May 3, 2015, 9:00 AM PDT

By Irvin Dawid


"After fighting toll lanes for years, Orange County transportation officials on [Apr. 27] said they couldn't fight the state any longer and gave in, allowing toll lanes as part of a $1.7 billion expansion project of Interstate 405," writes Erika Aguilar, Orange County reporter for KPCC, Southern California Public Radio."  Better that the Orange County Transportation Authority (OCTA) do it than Caltrans, stated OCTA chair and Irvine city councilman Jeffrey Lalloway.

It's helpful to refer our July post, "Caltrans Overrides OCTA: 405 Freeway Widening Must Include Toll Lane" to put the controversy in perspective. The dispute is not over widening freeways but about charging drivers who use the additional lane(s), regardless that most lanes remain "free".  Huntington Beach Mayor Matthew Harper described it best last summer:

"The state of California and those in Sacramento are trying to implement a concerted agenda to have layers of taxes, fees and tolls to extract dollars out of everyday drivers," he said. "I think once voters realize what's coming down at them, they're going to rebel and people are going to want to keep the freeways free." [Planetizen, July 29, 2014] 

As noted on the project a year earlier, the paradox is that the nation's first high occupancy toll (HOT) lanes, as they are still commonly called, were built in Orange County in 1996, now known as the 91 Express Lanes, and operated by OCTA.

According to the OCTA news release of Apr. 28, "the San Diego (I-405) Freeway between Costa Mesa and the Los Angeles county line [see map], an area traveled by more than 370,000 vehicles a day, (is) the busiest stretch of highway in the nation."

"The move mirrors decisions by transportation officials in Los Angeles a few years ago, when they caved in to state officials and added toll lanes to the 110 Harbor Freeway and then the Interstate 10 El Monte freeway the following year," writes Aguilar.

The LA express lanes have proven so popular that LA Metro is considering expanding them.

As a result of the OCTA vote, "Lalloway said his agency maintains local control over setting toll rules [sic], fees and decisions on what [to do] with any toll revenues collected, rather than letting the state do it and have the money go statewide," writes Aguilar.

“These revenues will stay in Orange County,” he said. “They’ll stay in your cities to fix your roads, to help you with intersections. That was a deal breaker for us.”

The pricetag amounts to over $121 million per mile. 

"The Measure M project, being constructed in cooperation with Caltrans, will be funded by a combination of local, state and federal funds, with the toll lane portion of the project financed and paid for by those who choose to pay a toll and use the 405 Express Lanes," according to OCTA. Aguilar writes that Caltrans will also contribute to the cost of toll lane construction.
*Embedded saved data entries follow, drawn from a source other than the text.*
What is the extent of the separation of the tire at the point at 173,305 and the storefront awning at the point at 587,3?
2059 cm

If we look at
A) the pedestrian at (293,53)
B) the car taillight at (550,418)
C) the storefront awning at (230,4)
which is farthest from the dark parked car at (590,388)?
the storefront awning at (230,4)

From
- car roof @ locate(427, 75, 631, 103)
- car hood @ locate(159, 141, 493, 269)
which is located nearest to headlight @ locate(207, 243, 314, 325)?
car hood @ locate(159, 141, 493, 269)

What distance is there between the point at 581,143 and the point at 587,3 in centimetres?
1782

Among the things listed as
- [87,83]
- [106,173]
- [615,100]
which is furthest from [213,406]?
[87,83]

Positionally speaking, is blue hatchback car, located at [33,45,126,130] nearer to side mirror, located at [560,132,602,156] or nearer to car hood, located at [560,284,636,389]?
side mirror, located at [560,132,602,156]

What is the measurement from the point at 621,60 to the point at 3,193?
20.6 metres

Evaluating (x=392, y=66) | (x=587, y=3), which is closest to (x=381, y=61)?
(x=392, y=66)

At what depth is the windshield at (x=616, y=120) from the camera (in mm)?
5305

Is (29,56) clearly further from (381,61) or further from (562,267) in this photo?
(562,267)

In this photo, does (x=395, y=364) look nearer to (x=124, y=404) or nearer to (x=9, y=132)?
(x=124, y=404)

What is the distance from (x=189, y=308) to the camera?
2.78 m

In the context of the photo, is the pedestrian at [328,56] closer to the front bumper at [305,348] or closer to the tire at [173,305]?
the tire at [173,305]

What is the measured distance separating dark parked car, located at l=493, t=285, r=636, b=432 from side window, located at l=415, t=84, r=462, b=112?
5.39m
The Orange County widening of the 405 Freeway is not to be confused with the "widening the 405 (to add one solitary carpool lane on the freeway's northbound side" in Los Angeles, posted here in July, 201l, "and brought us the revelatory event known as 'Carmageddon'", wrote former Planetizen editor, Jonathan Nettler of in August, 2013. 

Hat Tip: Angie Schmitt of Streetsblog USA.